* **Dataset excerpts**

##########

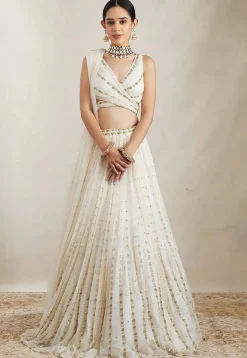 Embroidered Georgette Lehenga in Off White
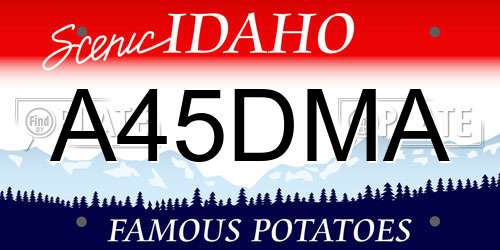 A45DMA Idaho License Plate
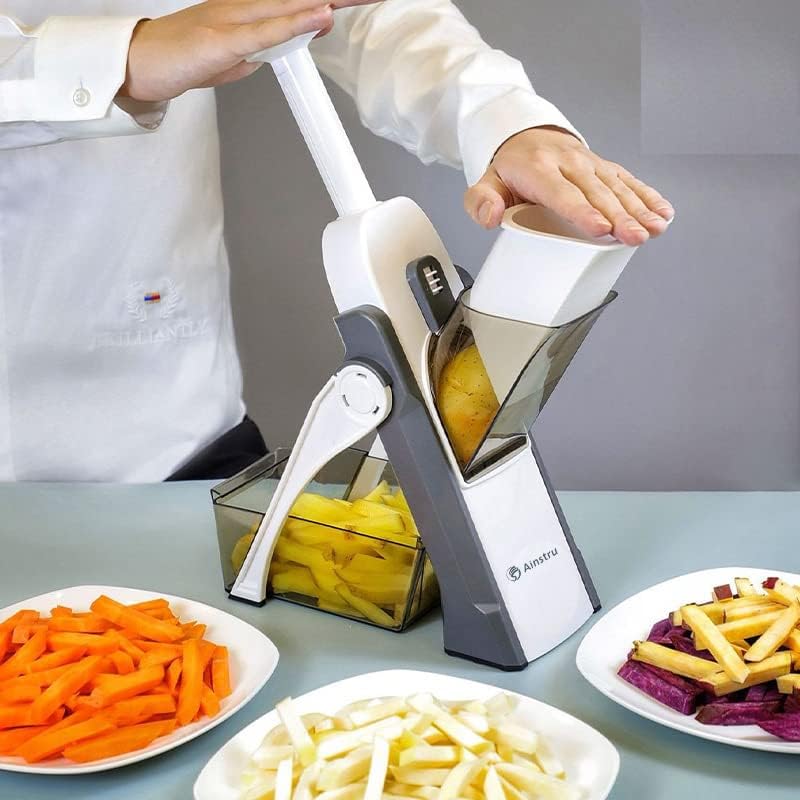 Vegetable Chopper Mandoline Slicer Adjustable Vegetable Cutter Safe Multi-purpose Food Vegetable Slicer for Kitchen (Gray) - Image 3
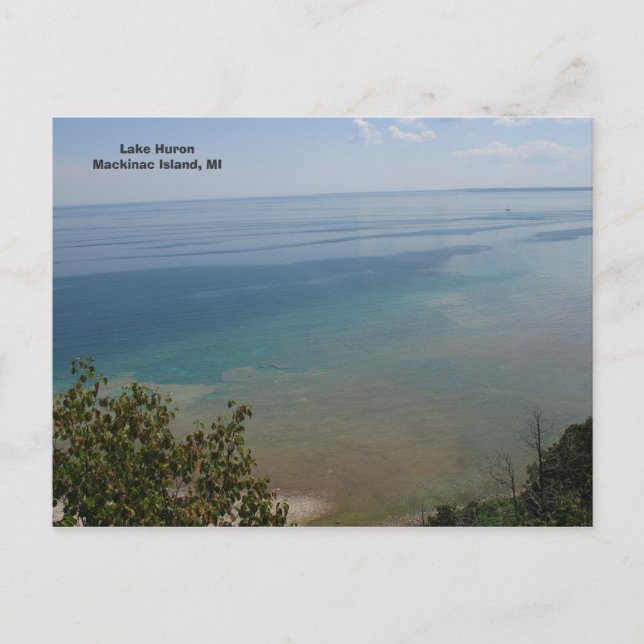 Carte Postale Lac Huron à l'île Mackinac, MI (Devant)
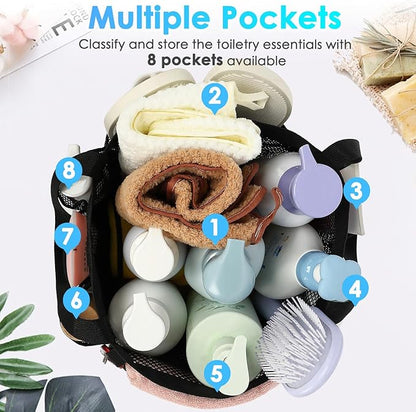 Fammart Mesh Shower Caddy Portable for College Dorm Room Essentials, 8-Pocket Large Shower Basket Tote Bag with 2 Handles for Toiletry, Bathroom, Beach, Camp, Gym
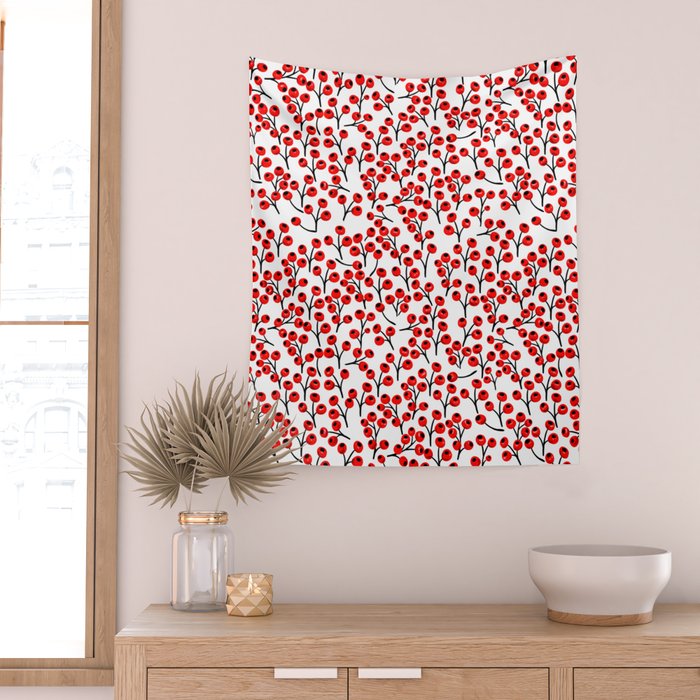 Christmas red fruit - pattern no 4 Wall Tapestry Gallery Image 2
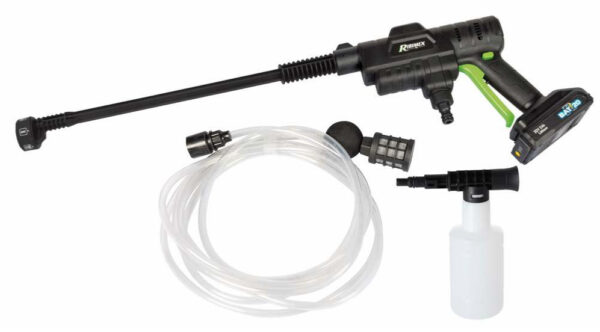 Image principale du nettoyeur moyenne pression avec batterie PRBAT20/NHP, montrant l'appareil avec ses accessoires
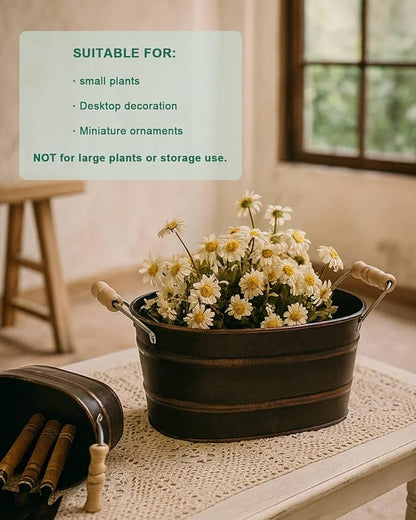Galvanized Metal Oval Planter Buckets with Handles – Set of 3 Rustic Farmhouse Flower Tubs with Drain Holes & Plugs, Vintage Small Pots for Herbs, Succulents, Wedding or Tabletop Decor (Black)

##########

* **Exercise details**
What is needed is an exact copy of the data, with the pictures removed.

* **Exercise solution**
 Embroidered Georgette Lehenga in Off White
 A45DMA Idaho License Plate
 Vegetable Chopper Mandoline Slicer Adjustable Vegetable Cutter Safe Multi-purpose Food Vegetable Slicer for Kitchen (Gray) - Image 3
 Carte Postale Lac Huron à l'île Mackinac, MI (Devant)
 Fammart Mesh Shower Caddy Portable for College Dorm Room Essentials, 8-Pocket Large Shower Basket Tote Bag with 2 Handles for Toiletry, Bathroom, Beach, Camp, Gym
 Christmas red fruit - pattern no 4 Wall Tapestry Gallery Image 2
 Image principale du nettoyeur moyenne pression avec batterie PRBAT20/NHP, montrant l'appareil avec ses accessoires
Galvanized Metal Oval Planter Buckets with Handles – Set of 3 Rustic Farmhouse Flower Tubs with Drain Holes & Plugs, Vintage Small Pots for Herbs, Succulents, Wedding or Tabletop Decor (Black)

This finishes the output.